E.R.A. machines were successful, too, in that they secured the second, third and fifth positions as well and might even have appeared more prominently in the list had not Pat Fairfield been excluded for a technical breach of the regulations.
It was no easy victory and the British cars, of which there were only seven, including six E.R.A.s and one Alta, had to combat no fewer than nine Maseratis as their most serious rivals with an Amilcar and a Bugatti also in the field and not to be overlooked. The sky was overcast with a threat of rain as the eighteen cars in the race were positioned on the starting grid. Absent from the official list were Seaman, winner of the Empire Trophy at Donington, whose rebuilt Grand Prix 1926 Delage could not be prepared in time. Trevoux, of Monte Carlo Rally fame, who should have paraded with an E.R.A., and Kohlrausch, the German driver, with his M.G. •
Earl Howe had succeeded in putting in the fastest lap during practice and therefore took a front-line position and with him were Raymond Mays (E.R.A.) and Tenni, , who was the Italian favourite. Actually three drivers had tied with practice times and as the result of a draw, the two just mentioned gained the favoured positions, Zehender’s Maserati taking the second row with Bianco on a sister car.

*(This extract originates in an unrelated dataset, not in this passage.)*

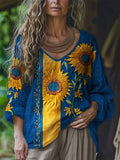 Ethnic Sunflowers Embroidered Contrast Patchwork Linen Tunic elevenforest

Fairfield and ” Bira ” with E.R.A.s and Villoresi (Maserati) formed a third row ; Kautz (Maserati) and Embiricos (E.R.A.) were in the fourth with Rovere and Ruesch (Maseratis) making the fifth.
The extent to which the nationalities were thus mixed gives a clue to the closeness of the speeds of the various cars during the official practices, and still further behind in the sixth, seventh and eighth rows were Lehoux (E.R.A.), Cormack (Alta), McEvoy, the Australian, with another Maserati, Villeneuve’s Bugatti and Mestivier with the Amilcar, which seemed to be in good heart notwithstanding that it cannot be a very recent production. Shortly after 3 o’clock in the afternoon, a large crowd occupied various ventage points in windows and in the numerous tribunes arranged round this sinuous circuit of 1.98 miles. They lacked the numbers that usually throng to see the world-famous Grand Prix on this circuit but were, no doubt, composed
of the keener type of spectator, and therefore meant to enjoy every moment of the race that was to follow. As the starter raised his flag the engines raised their voices until the whole eighteen of them were nearing peak revs, and proving that the big Grand Prix cars have no monopoly of bark and snarl. The flag fell and the pack catapulted itself towards the corner by the church of Ste Devote, Howe, Mays and Tenni arriving in that order
and tearing away up the hill nose to tail with the rest of the field lost in a haze of blue smoke. During that first lap Tenni pushed his Maserati past Mays’ E.R.A. but Howe maintained his position at the front of
the field, Tenni clinging to his heels all the way. A blanket could have covered them as they shot into the brilliantlylighted tunnel under the rock and so down to the chicane which leads onto the quay. Howe drove fast but steadily round the corner of the harbour and
Tenni kept close but could make no better progress as they sped past the pits, round the gasworks hairpin and so back along the brief straight to Ste Devote corner again. Mays was bare yards behind in third place, Zehender was fourth with the Maserati and Villoresi and •Bianco, also on the Italian cars, were in fifth and sixth places with Fairfield and ” B. Bira ” lying seventh and eighth at the end of the first lap. It was an almost continuous stream of cars screaming round the circuit with seldom a few yards of road visible between one vehicle and the next, every driver fighting to hold his position rather than to improve it, and none yielding an inch to the other.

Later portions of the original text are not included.